(The Center Square) – Cole County Circuit Judge Jon Beetem rejected a request from two Missouri residents to join a lawsuit lodged against the state after lawmakers declined to fund voter-approved Medicaid expansion during their recently concluded legislative session.
Beetem’s decision means the case will proceed as scheduled beginning Friday in his 19th Judicial Circuit Court courtroom in Jefferson City.
Three women – Stephanie Doyle, Melinda Hille and Autumn Stultz – filed the lawsuit May 20 against Missouri, claiming the state denied them access to the Medicaid health care services they would have been eligible for after July 1.
During a 25-minute Monday hearing before Beetem, St. Louis attorney Paul Martin asked for two plaintiffs to be added to the lawsuit, noting he would make arguments on behalf of his clients not being made by attorneys on behalf of the original three plaintiffs.
For instance, he said, instead of focusing on the legality of the Legislature’s decision, Beetem should rule on whether Parson acted correctly by withdrawing plan amendments and if the constitutional eligibility for Medicaid will be enforced.

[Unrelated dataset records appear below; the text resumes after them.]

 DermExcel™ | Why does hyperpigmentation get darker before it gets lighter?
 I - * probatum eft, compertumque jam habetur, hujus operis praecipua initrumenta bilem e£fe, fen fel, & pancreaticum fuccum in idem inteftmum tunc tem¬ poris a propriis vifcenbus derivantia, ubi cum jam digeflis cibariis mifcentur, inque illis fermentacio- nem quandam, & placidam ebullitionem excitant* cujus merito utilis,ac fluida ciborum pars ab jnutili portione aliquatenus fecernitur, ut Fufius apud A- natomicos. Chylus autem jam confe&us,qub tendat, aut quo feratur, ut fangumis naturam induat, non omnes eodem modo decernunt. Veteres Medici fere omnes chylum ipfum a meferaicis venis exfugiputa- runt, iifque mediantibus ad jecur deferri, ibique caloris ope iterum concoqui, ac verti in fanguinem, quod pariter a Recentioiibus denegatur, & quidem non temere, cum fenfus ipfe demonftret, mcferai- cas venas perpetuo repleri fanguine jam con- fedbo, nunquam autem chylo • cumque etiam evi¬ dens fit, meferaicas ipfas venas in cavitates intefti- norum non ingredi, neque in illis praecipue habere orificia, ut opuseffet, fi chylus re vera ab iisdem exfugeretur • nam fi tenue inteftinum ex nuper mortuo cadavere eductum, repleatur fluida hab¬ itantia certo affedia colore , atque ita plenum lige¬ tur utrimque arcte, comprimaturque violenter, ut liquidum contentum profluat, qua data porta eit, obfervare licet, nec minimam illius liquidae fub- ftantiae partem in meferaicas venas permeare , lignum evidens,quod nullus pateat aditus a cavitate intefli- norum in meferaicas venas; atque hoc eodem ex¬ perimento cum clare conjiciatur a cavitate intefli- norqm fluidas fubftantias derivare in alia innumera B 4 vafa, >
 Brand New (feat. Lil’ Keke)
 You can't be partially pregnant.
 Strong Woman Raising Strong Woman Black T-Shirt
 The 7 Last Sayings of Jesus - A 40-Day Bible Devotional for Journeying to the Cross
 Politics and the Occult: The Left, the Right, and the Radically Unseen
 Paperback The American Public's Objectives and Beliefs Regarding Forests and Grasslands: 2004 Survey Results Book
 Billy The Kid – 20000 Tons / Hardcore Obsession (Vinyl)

Martin said the plaintiffs he was seeking to represent cannot afford to pay for filing and litigating a separate lawsuit. “If I don’t pay that for them,” he said, “they will not have access to the court system.”
Chuck Hatfield, representing original plaintiffs, told Beetem that if more plaintiffs are added to the case now “we just lost our trial date.” Hatfield said he hopes for a resolution before July 1, when Medicaid expansion under Amendment 2 is set to be implemented.
Hatfield said the goal must be to get the case resolved this month. “We are still hoping to get a trip to the Court of Appeals to hopefully get all this decided by July 1,” he said.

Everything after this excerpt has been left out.